# Please help Frank!!



## bigman8258 (Aug 23, 2004)

Thanks for any help Hastatus!


----------



## Brace (Apr 19, 2004)

That's a piraya. 100%


----------



## Grosse Gurke (Jan 3, 2003)

Yup...piraya.


----------



## bigman8258 (Aug 23, 2004)

Grosse Gurke said:


> Yup...piraya.


Thanks Jeff! Your word is as good as Franks, my only reason for questioning is the coloration does not extend above the lateral line and I do not see the tufted adipose!


----------



## Grosse Gurke (Jan 3, 2003)

When these fish are dark...it is harder to see the "flames"....but if you look close you will see some color stripes that run past the lateral line.

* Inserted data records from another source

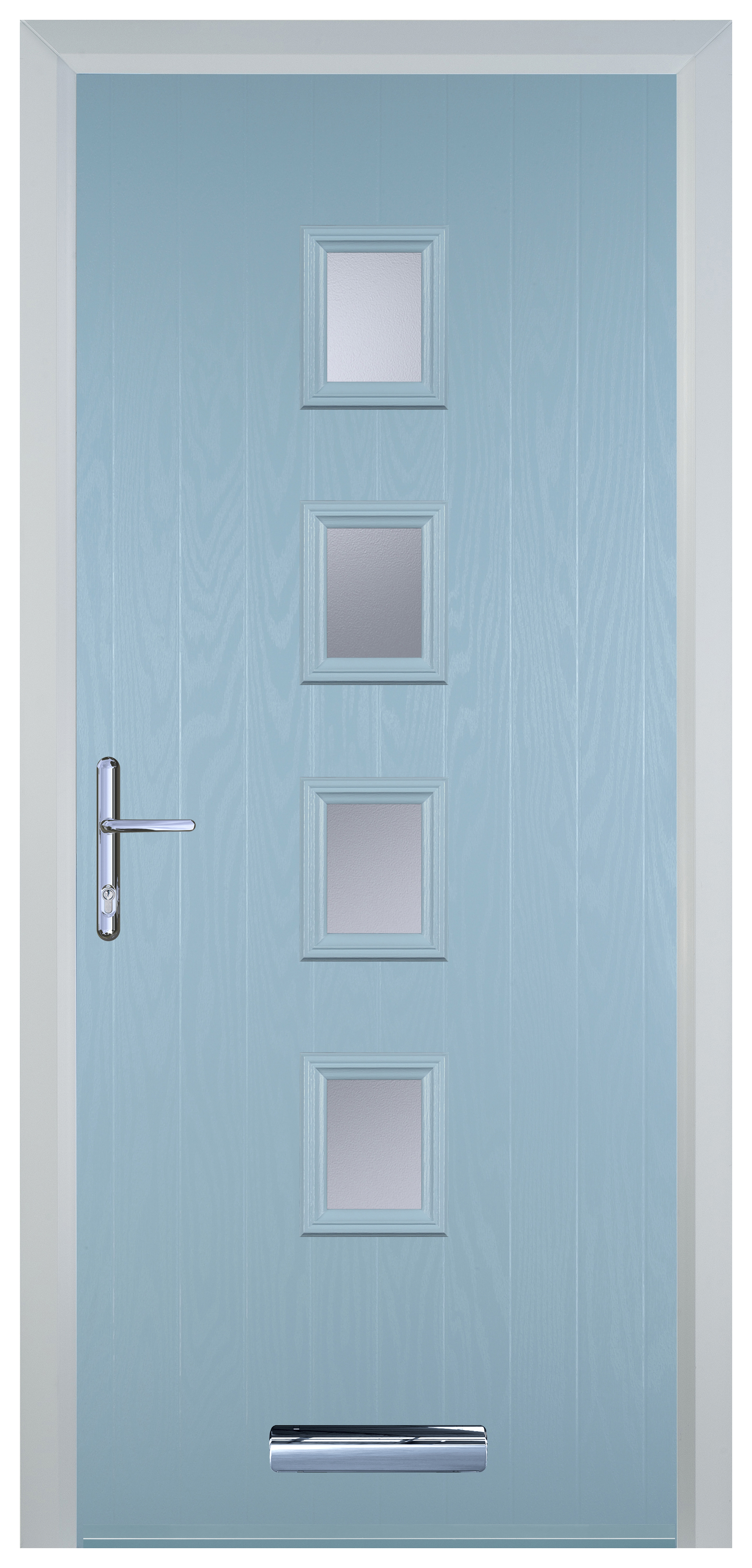 Door-Stop 4 Square Duck Egg Blue Right Hand Composite Door with Stippolyte Glass - 2100mm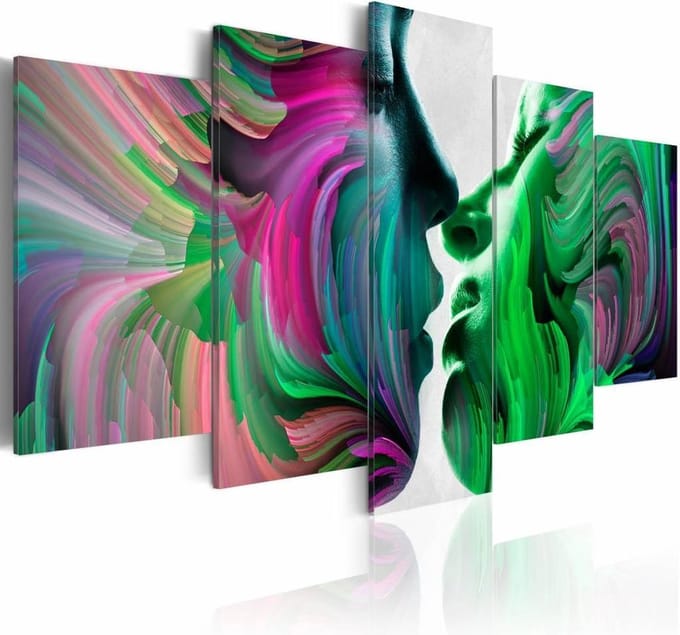Schilderij - Kleuren van Liefde , kus , multi kleur , 5 luik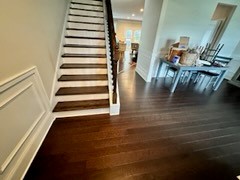 Beautiful chocolate engineered hardwood, installed in Dallas, GA. 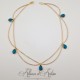 Collier- Chaine, Strass et Perles - Bleu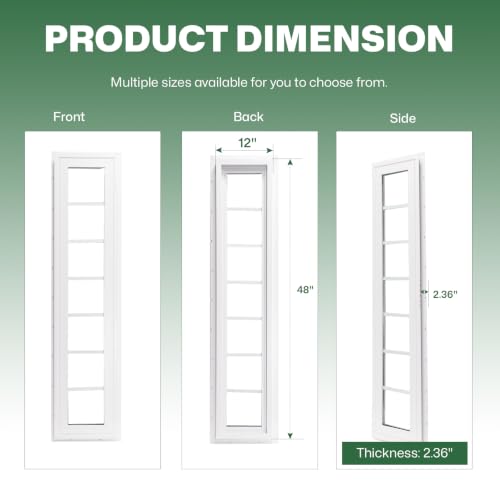NeatiEase Vinyl Transom Window, 12" x 48" Fixed Glass Household Windows with Grids and Dual-pane Tempered Glass for House, Shed, Doors, Garage, Chicken Coop, Basement (White) - size: 12"x48"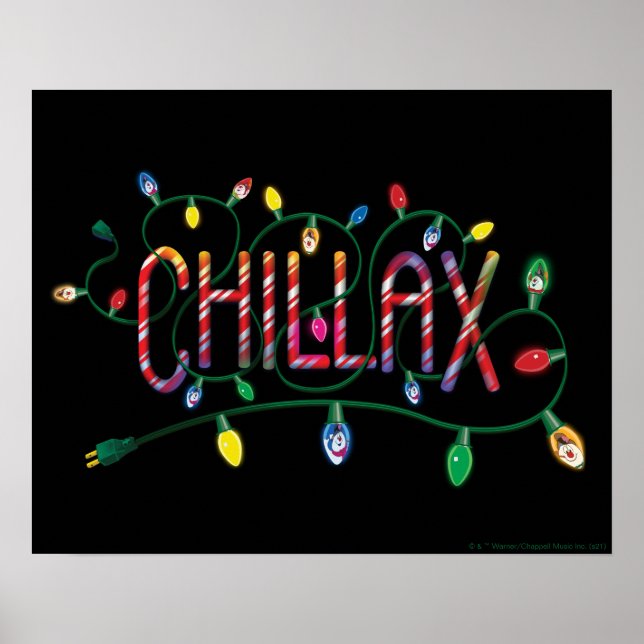 Frosty Snögubbe™ | "Chillax" Helgdag Ljus Poster (Framsidan)
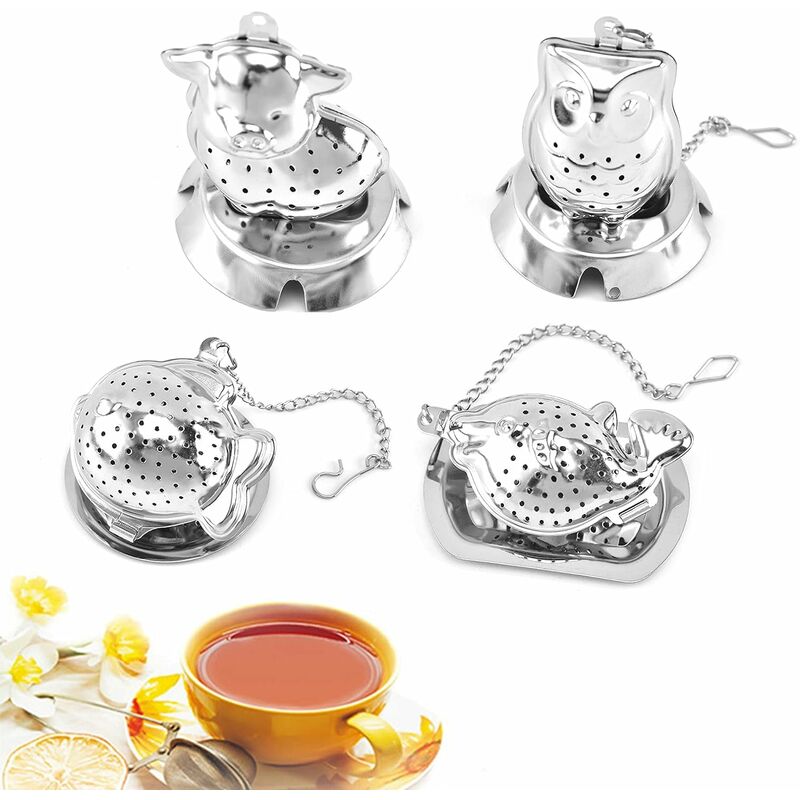 4 Pezzi Infusore a Sfera da tè 4cm Colino da tè in Acciaio Inossidabile 304 Infusori da Tè con Catena Gancio Infusore per Tè in Foglie Sfuse Filtro per Tisane Tè Sfuso Spezie e Condimenti 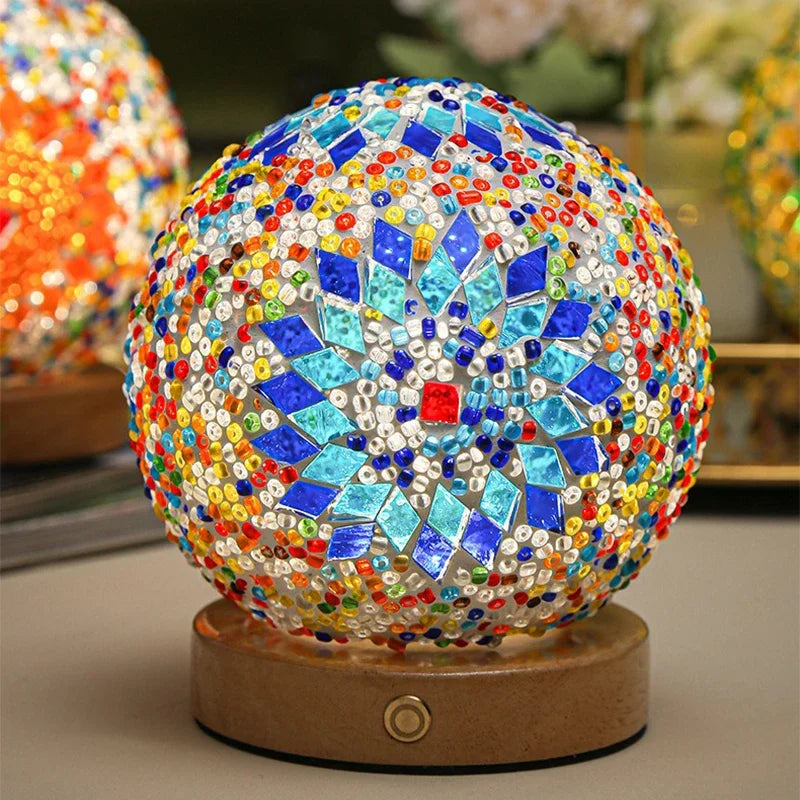 Bohemian LED Desk Lamp USB Button Warm Dimming Stained Glass National Style For Home Bar Bedroom Decor Creative LED Table Lamp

You can see the clear eye in the picture from a distance. The picture where you can see the adipose fin is too far away to see if it is rayed. That feature of these fish has always been difficult for me to see unless in person....and even then it can be hard to spot.


----------



## Trigga (Jul 1, 2006)

Told ya dude


----------



## bigman8258 (Aug 23, 2004)

Trigga said:


> Told ya dude


LOL smart ass! Thnx Trig!


----------



## PYRO ZOOTS (Aug 23, 2008)

nice looking fish!


----------